**TASK**
The reply should be an exact repeat of the listing, with no pictures in it.
┌─ INFORMATION PROVIDED
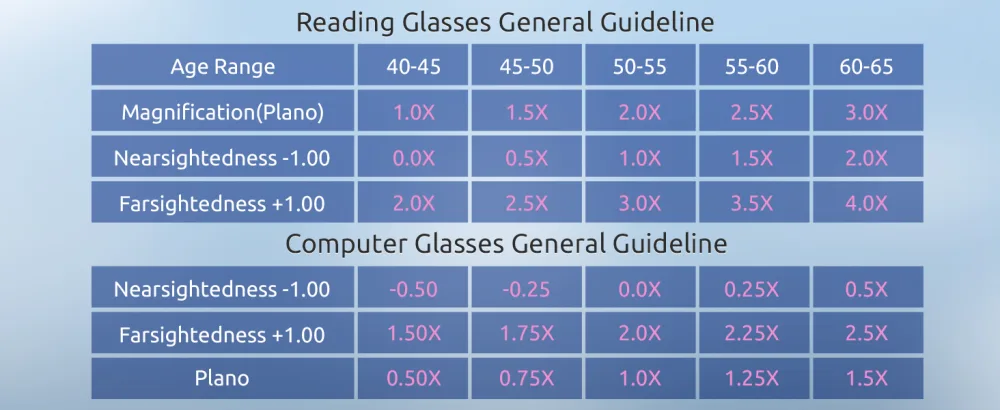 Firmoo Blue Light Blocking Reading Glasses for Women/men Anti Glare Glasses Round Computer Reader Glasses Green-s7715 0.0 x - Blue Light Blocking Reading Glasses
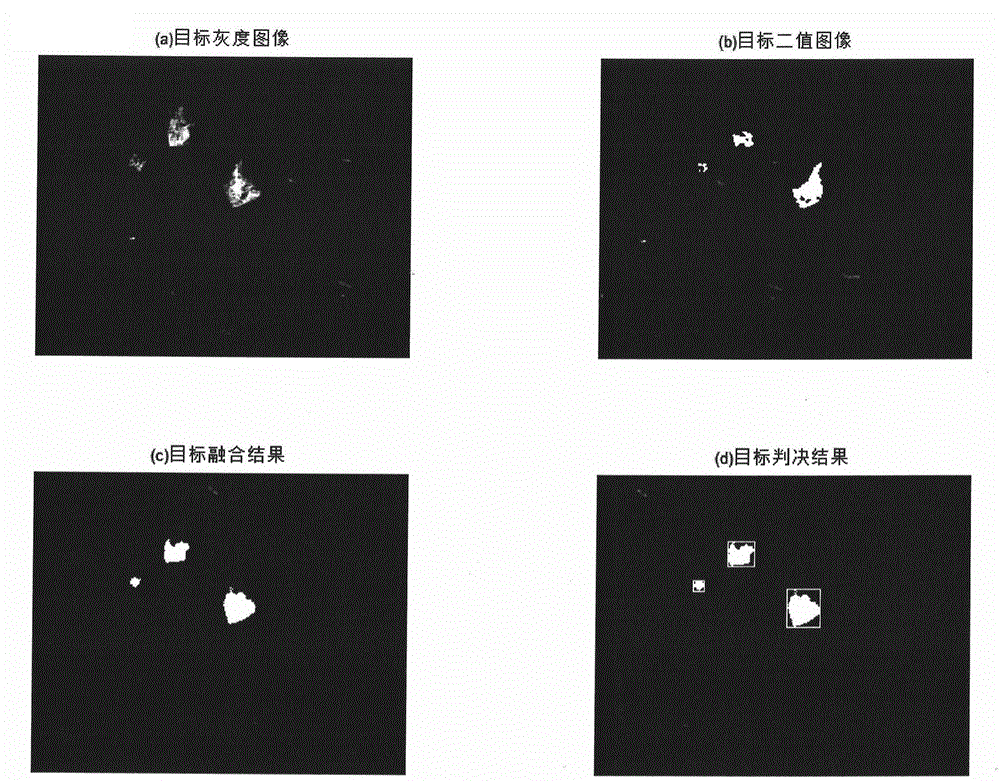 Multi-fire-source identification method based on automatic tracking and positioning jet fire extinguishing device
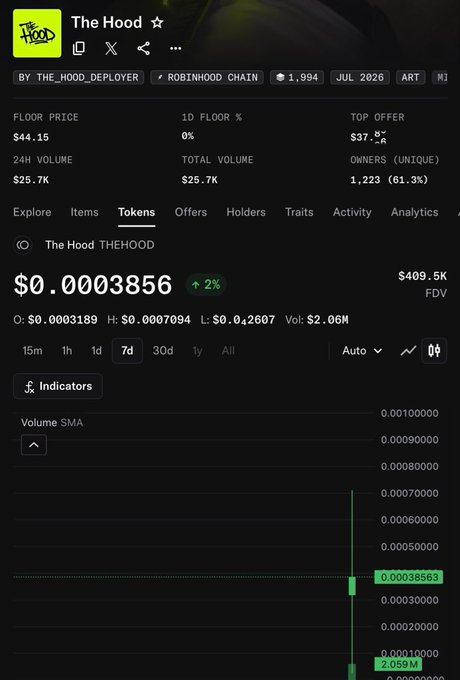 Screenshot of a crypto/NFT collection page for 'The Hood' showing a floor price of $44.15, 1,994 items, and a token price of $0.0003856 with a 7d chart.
└─
**EXERCISE RESPONSE**
 Firmoo Blue Light Blocking Reading Glasses for Women/men Anti Glare Glasses Round Computer Reader Glasses Green-s7715 0.0 x - Blue Light Blocking Reading Glasses
 Multi-fire-source identification method based on automatic tracking and positioning jet fire extinguishing device
 Screenshot of a crypto/NFT collection page for 'The Hood' showing a floor price of $44.15, 1,994 items, and a token price of $0.0003856 with a 7d chart.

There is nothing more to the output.